Car theft caught on video shows high-tech thieves stealing Lexus in seconds
People are using radio frequency amplifiers to steal cars, police say
Toronto police are warning car owners about a rash of thefts of newer vehicles equipped with keyless FOBs in Scarborough.
One such "relay theft," as they are known, took place in the area on June 30 and was caught on home surveillance video. Police released video of the incident this week.
In the video, one suspect can be seen pulling out a sensor attached to a computer inside a backpack while standing outside the front door of a house.
The device, which is called a frequency amplifier, increases the range of a car's FOB, police say.
The amplifier then boosts the FOB's frequency to the second suspect's phone as they wait by the Lexus in the driveway. That allows them to fool the car's operating system into recognizing the phone as the FOB, unlock the door, and drive away, police say.
High tech car thefts increasing
According to Toronto Police data, the number of vehicle thefts in the city have been increasing by the hundreds year over year. So far in 2020 there have been 2,760.

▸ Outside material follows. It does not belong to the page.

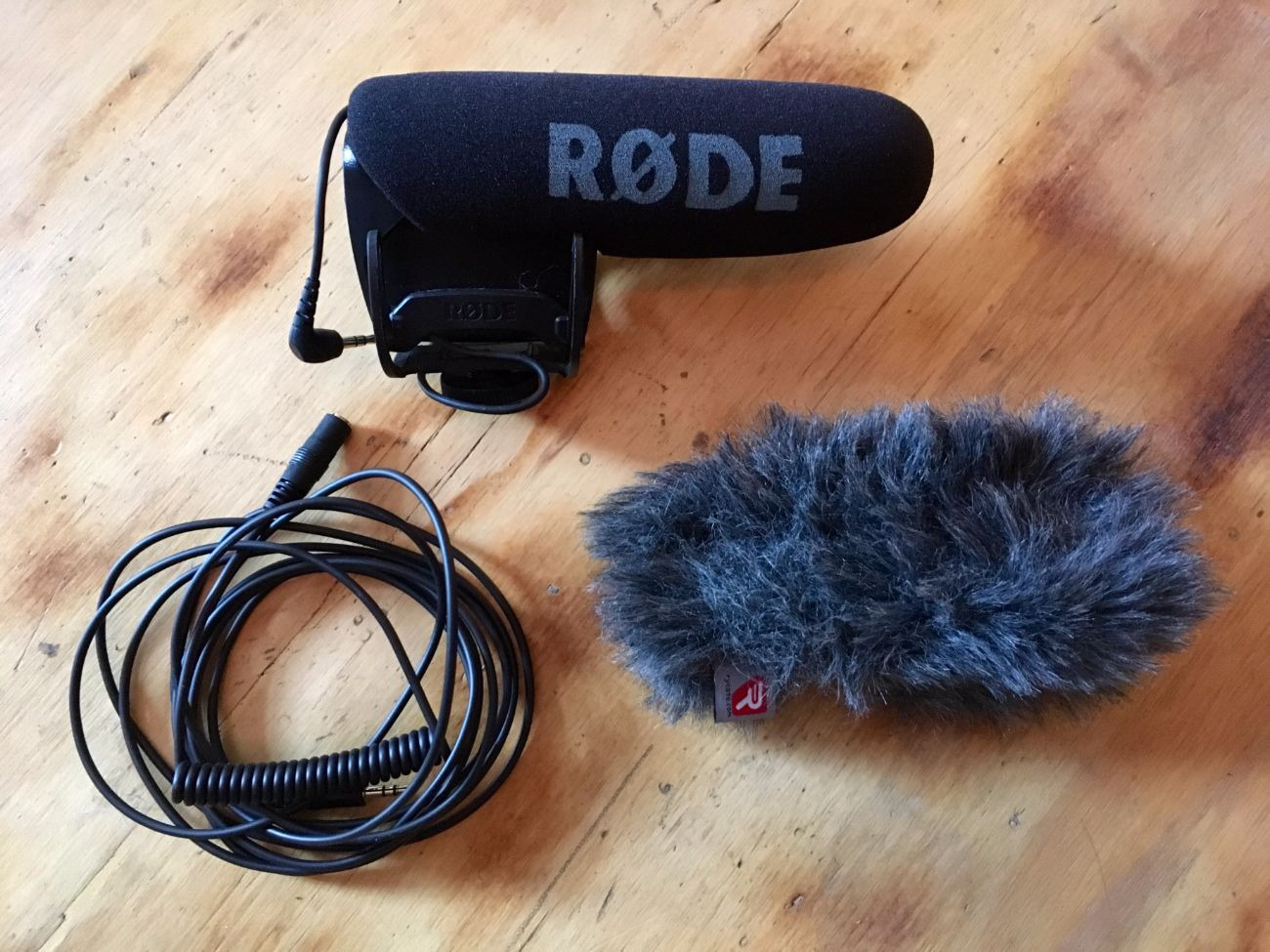 Rode video mic pro with deadcat & 3m jack extension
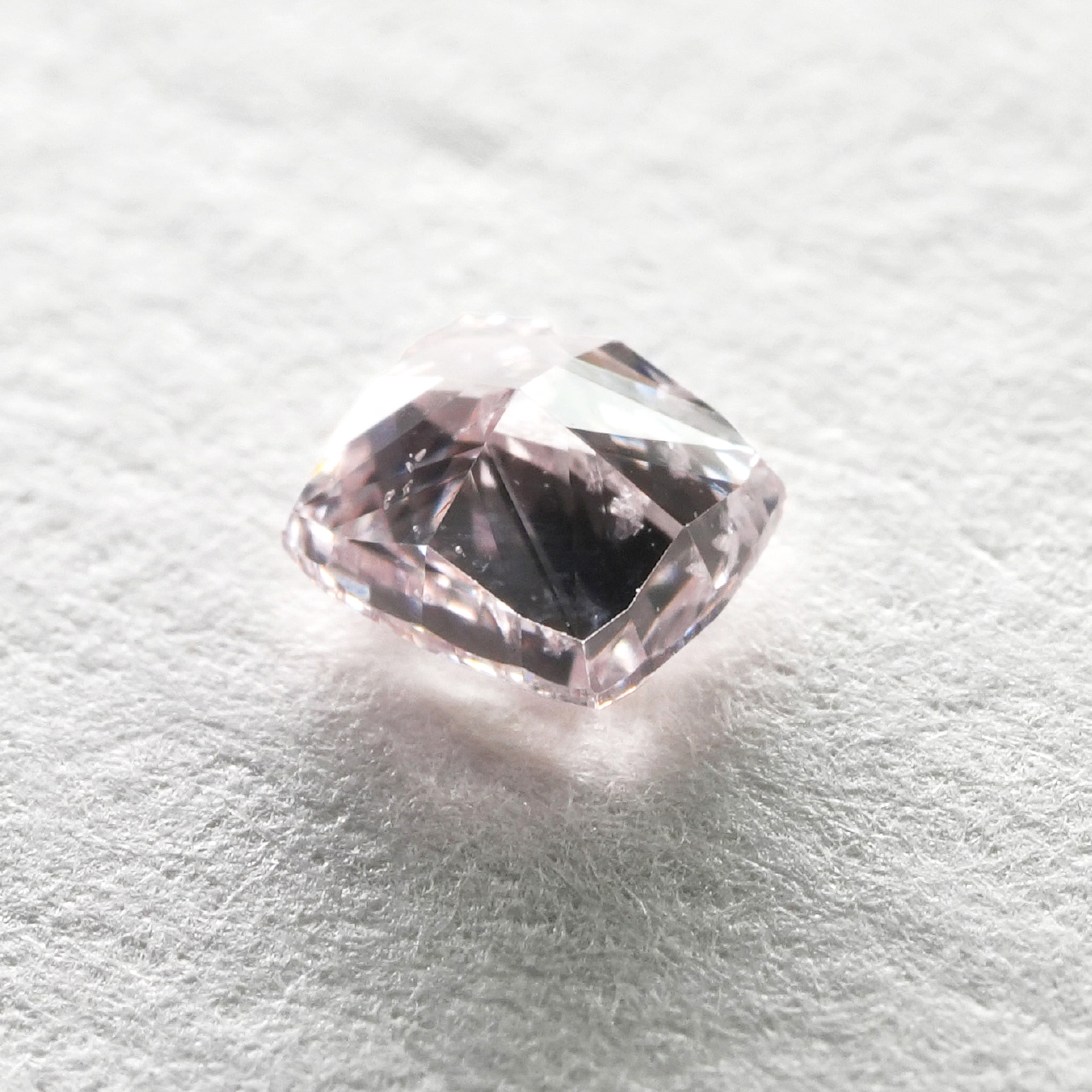 ピンクダイヤモンドルース画像4の拡大画像｜0.205ct / Fancy Pink / SI-2 / Cushion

As theft numbers go up, the police success rate in retrieving stolen vehicles has gone down.
"Around this time last year we would be finding 66 per cent of the cars stolen and currently we're retrieving about 50 per cent of the cars that are stolen," Toronto Police Insp. Jim Gotell told CBC News.
The longer the vehicles are missing, the more likely it is that they are being shipped overseas for big money, he said.
"When we find the cars they're usually used in another crime such as a robbery and then abandoned," Gotell explained.
"When we don't find a car that indicates to us there's a certain level of sophistication here and that car is likely going to be shipped overseas."
Police say they haven't immediately found the Lexus seen in the video they released.
Gotell advises that to protect themselves, people should park their vehicle in a garage if possible, and put key FOBs in a signal blocking case like a Faraday cage. He also suggests keeping car keys far away from your front door.
"A wireless key fob has a very short range of signal transmissions and the further it is from the front door, the less likely the signal is to be picked up by someone trying to steal your car," he said.